Required work: Images excluded, return every record exactly as it reads.

Dataset content:
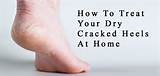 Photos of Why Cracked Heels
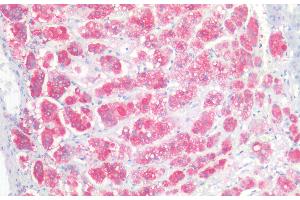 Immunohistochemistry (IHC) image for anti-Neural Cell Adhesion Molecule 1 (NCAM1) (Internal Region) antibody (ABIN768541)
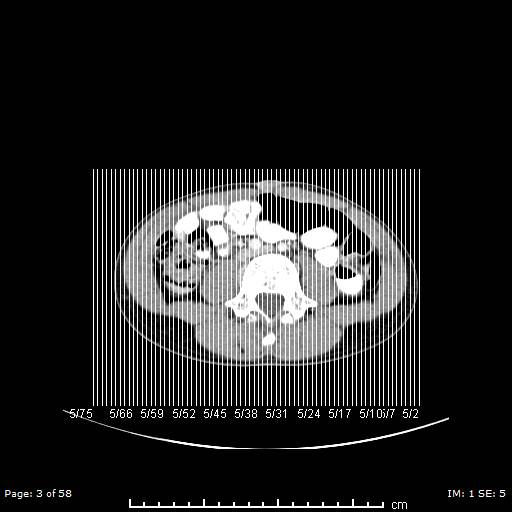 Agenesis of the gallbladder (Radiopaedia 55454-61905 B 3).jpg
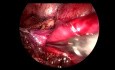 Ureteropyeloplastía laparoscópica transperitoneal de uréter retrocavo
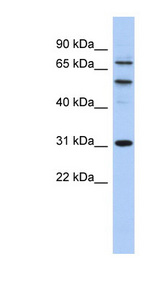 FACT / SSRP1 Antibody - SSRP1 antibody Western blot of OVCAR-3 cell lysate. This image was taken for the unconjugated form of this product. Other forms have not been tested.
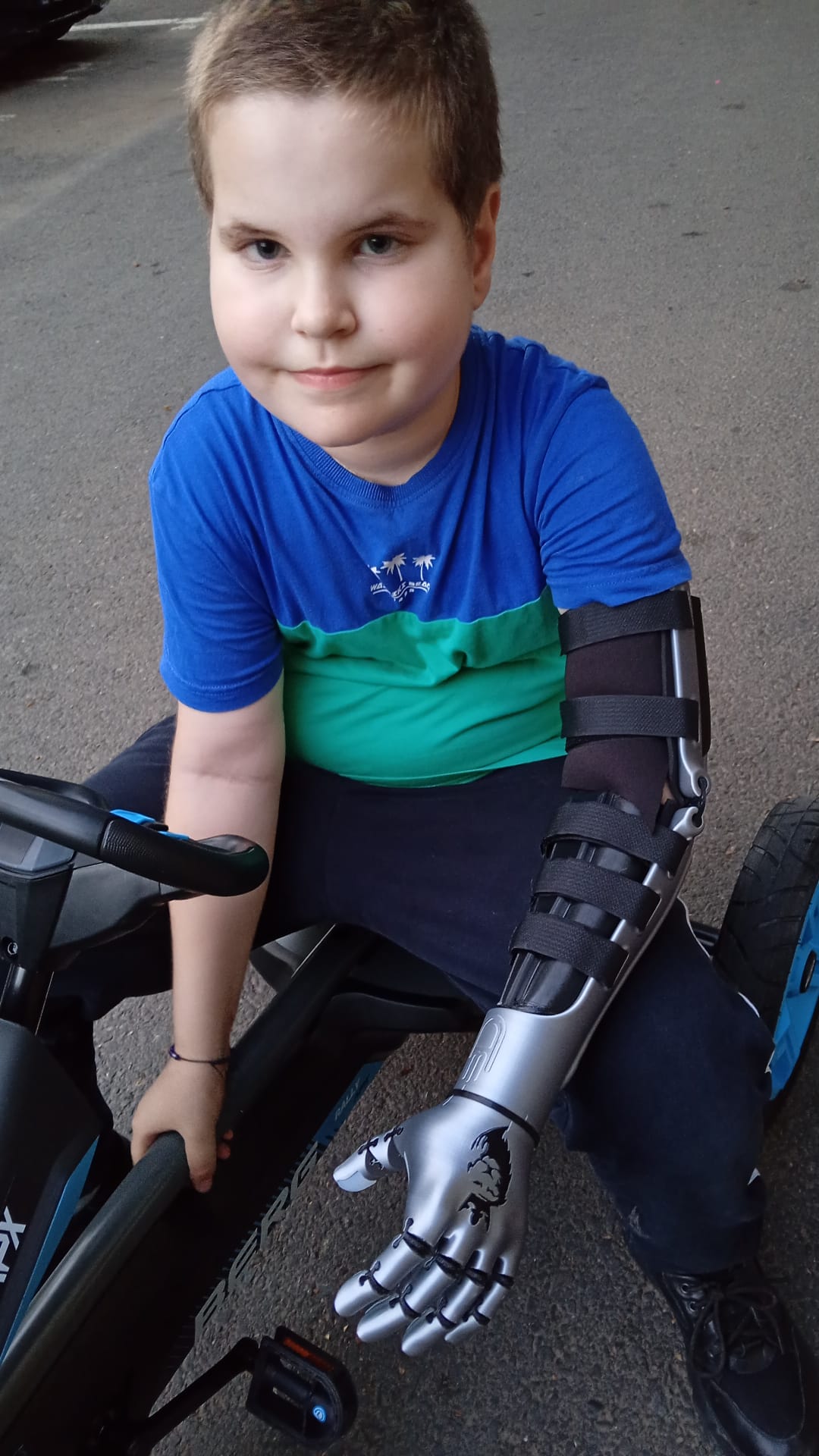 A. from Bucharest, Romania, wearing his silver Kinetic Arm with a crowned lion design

Result for this task:
 Photos of Why Cracked Heels
 Immunohistochemistry (IHC) image for anti-Neural Cell Adhesion Molecule 1 (NCAM1) (Internal Region) antibody (ABIN768541)
 Agenesis of the gallbladder (Radiopaedia 55454-61905 B 3).jpg
 Ureteropyeloplastía laparoscópica transperitoneal de uréter retrocavo
 FACT / SSRP1 Antibody - SSRP1 antibody Western blot of OVCAR-3 cell lysate. This image was taken for the unconjugated form of this product. Other forms have not been tested.
 A. from Bucharest, Romania, wearing his silver Kinetic Arm with a crowned lion design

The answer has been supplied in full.